Zurück zu dem Bild des Mönchleins, das 1517 keineswegs ahnte, welche Lawine da in Gang gesetzt wurde, noch dies beabsichtigte. Martin Luther war zu dieser Zeit längst in Amt und Würden, eine geachtete Person des öffentlichen Lebens in der aufstrebenden Residenzstadt Wittenberg. Schon 1505 promoviert er nach seinem Grundstudium (Artistenfakultät) in Erfurt zum Magister artium und bricht noch im selben Jahr sein anschließendes Jurastudium ab. 1507 wird er zum Priester geweiht und studiert Theologie. Ein Jahr an der jungen Universität Wittenberg bringt ihn in seiner akademischen Laufbahn erheblich weiter. 1509 folgt der Baccalaureus biblicus. Luther gibt bereits Vorlesungen. Er lehrt in Wittenberg und Erfurt, wird aber 1511 nach Wittenberg geholt und gedrängt, die Doktorwürde zu erwerben. So übernimmt Dr. Martin Luther im Oktober 1512 sein Lebensamt, die biblische Professur.

Vielleicht ist es der Tatsache des reichhaltigen Schrifttums von und über Luther zu verdanken, dass man kaum einen akademischen Lehrer des jungen Hochschulwesens kennt, dessen Ringen um Erkenntnis so eindrucksvoll belegt ist und der dann so nachhaltig in Staat und Gesellschaft hinein gewirkt hat. Seine Wittenberger Thesen von 1517 gaben nur das Startsignal. Seine Vorlesungen, Schriften und Dispute zeugen vom Fortschritt im Sinne einer entstehenden Gedankenwelt. Er formuliert und vermittelt kraftvoll und überzeugend, gewinnt immer mehr Schüler. Was er als richtig erarbeitet hat, muss man ihm in der Sache widerlegen, nicht per Dekret vom Tisch wischen. Wie sollte dieser Mann in Worms widerrufen!

Zeitgenossen

Erasmus von Rotterdam(ab 1496 E. Desiderius) 1466/69-1536
Kopernikus , Nikolaus (Koppernigk) 1473-1543
Thomas Morus (Sir Thomas More) 1477/78-1535
Paracelsus , Philippus (Ph. von Hohenheim) 1493-1541
Melanchthon , Philipp (Ph. Schwarzert) 1497-1560

Nach der produktiven Klausur auf der Wartburg (für 10 Monate) gibt es Unruhen genug, um die Aufmerksamkeit der großen Politik zu binden. Bauernkrieg, Ritteraufstand und die Türken vor Wien lenken von Dr. Luther ab, der seine öffentlichen Ämter in vielfältiger Weise wahrnimmt. Er wird als Distriktsvikar seines Ordens, im Universitätsdienst, als Ratgeber, Vermittler und Gutachter gefordert. Und er nimmt mäßigend Einfluss auf Unruhen, die seine Lehre teils nur als Vorwand für ungezügeltes Freiheitstreben benutzen. Die Reformation kann sich in dem Jahrzehnt seit Worms formieren.
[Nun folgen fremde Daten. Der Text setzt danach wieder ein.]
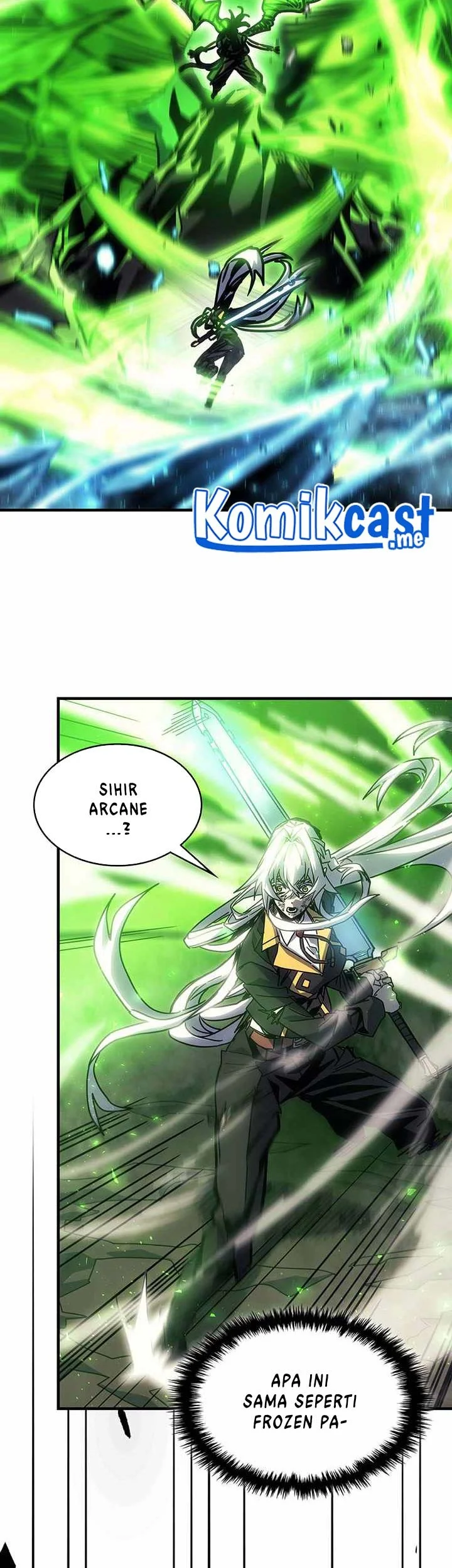A Returner’s Magic Should Be Special chapter 197 halaman 37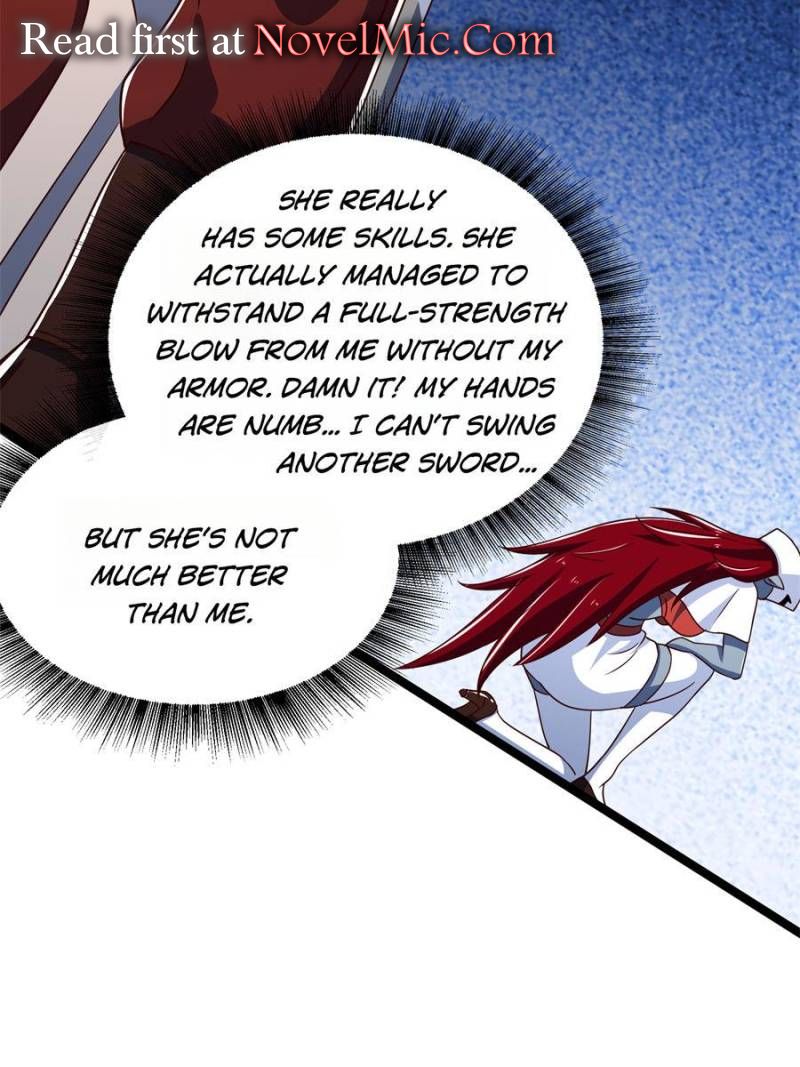 Ancient God’s Chosen Warriors Chapter 110 209 40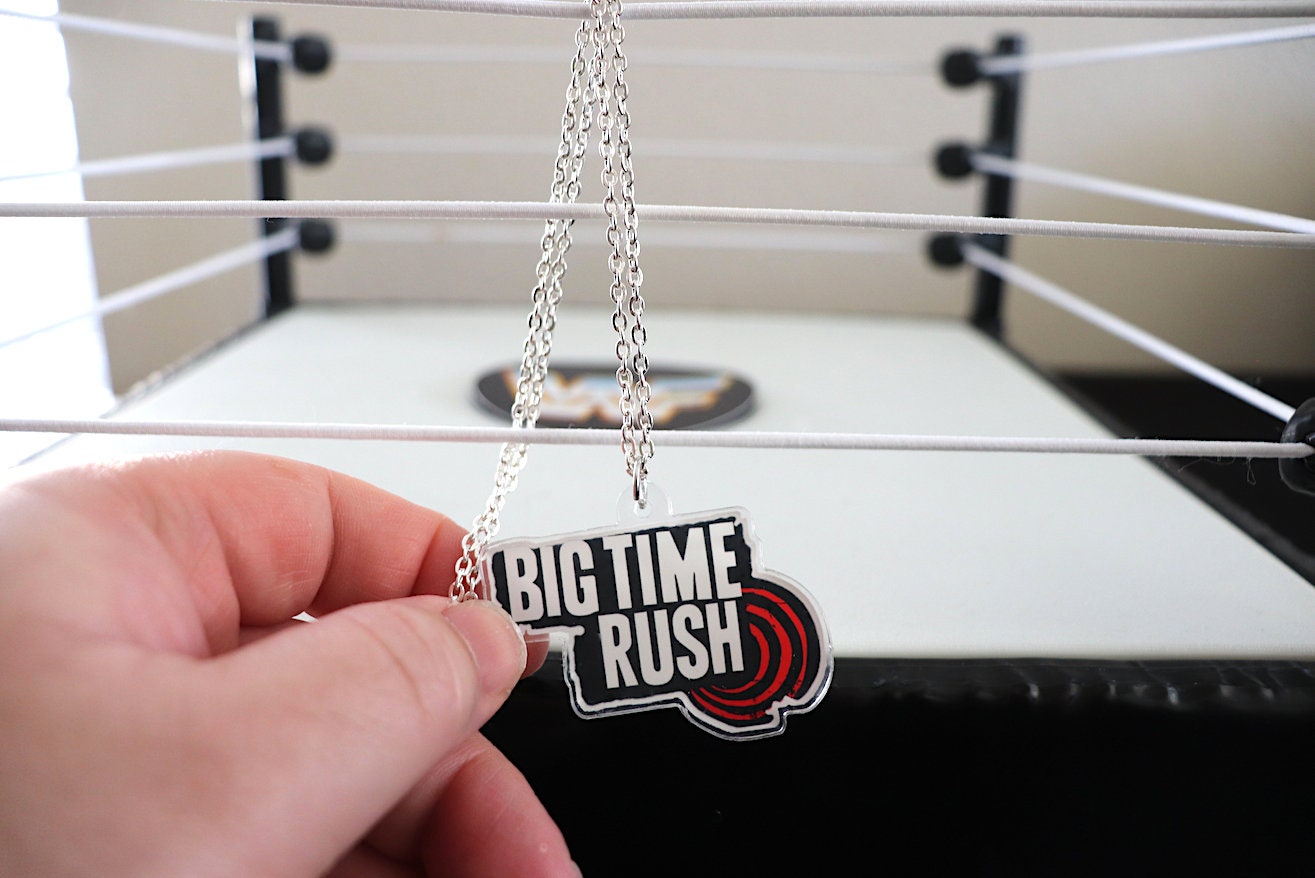 Big Time Rush Necklace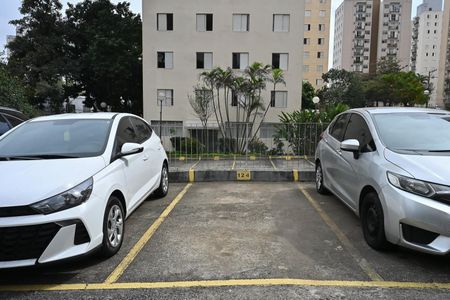 Vaga de Garagem de apartamento à venda com 2 quartos, 53m² em Jardim Umarizal, São Paulo
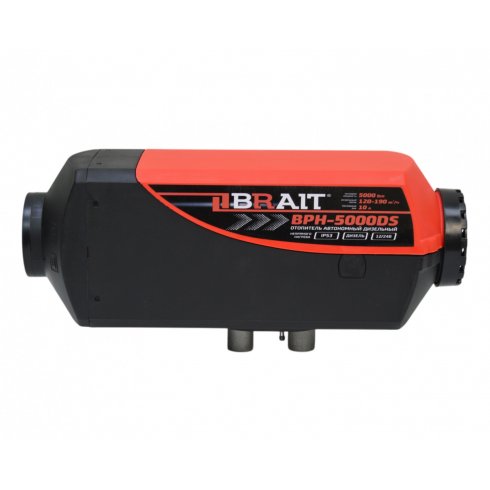 Тепловая пушка Brait BPH-5000DS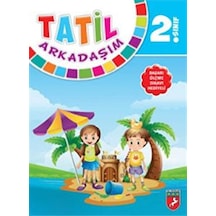 2. Sınıf Tatil Arkadaşım / Kolektif / / 9786059750998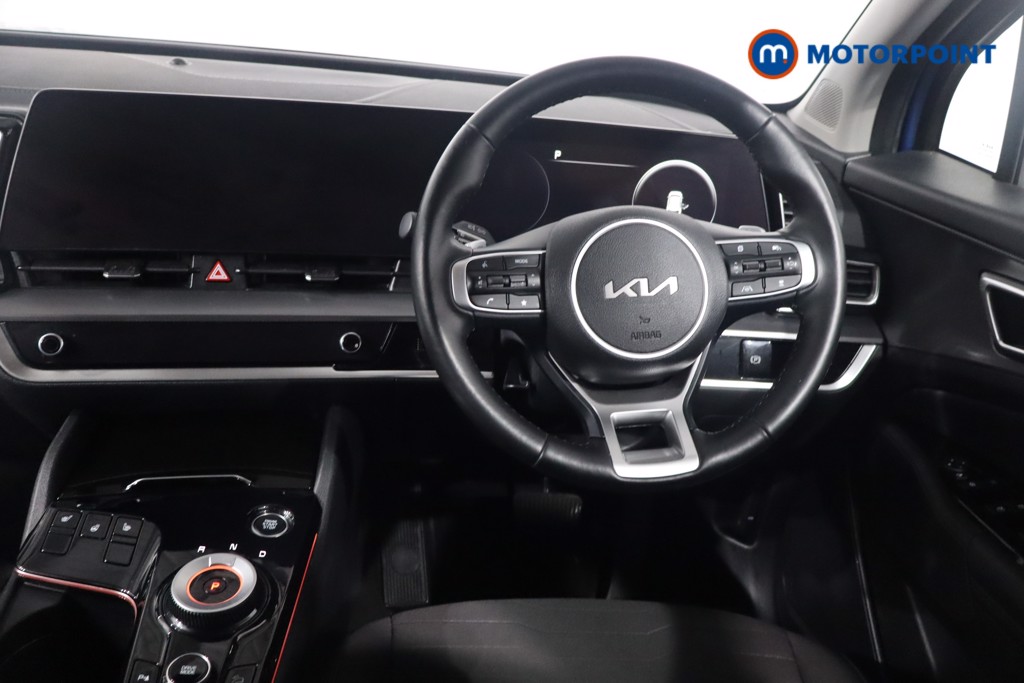 KIA Sportage 4 Automatic Petrol-Electric Hybrid SUV - Stock Number (1598712) - 3rd supplementary image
1530 wird es noch einmal brenzlig. Acht und Bann sind nicht aufgehoben. Nach zwei Reichstagen steht in Augsburg erneut die Konfessionsfrage an. Luther muss wieder monatelang abtauchen und versucht, von der Veste Coburg aus Einfluss geltend zu machen. Dem Freund Melanchthon gelingt eine Kompromissformel, Confessio Augustana . Doch Frieden bis zu seinem Tod erlebt Luther wohl eher dank den Wirren der großen Politik.

Die Pflicht ruft den gelehrten Professor Anfang 1546 nach Eisleben. Seit 20 Jahren krank und oft schlecht zurecht, folgt er doch dem Ruf und stirbt am 18. Februar in seiner Geburtsstadt mit den Worten "Wir sind Bettler. Das ist wahr!" Die Welt um ihn herum behandelt ihn weniger bescheiden. Ein Geleitzug von 50 Reitern bringt den Leichnam nach Wittenberg, wo er vier Tage später in der Schlosskirche beigesetzt wird.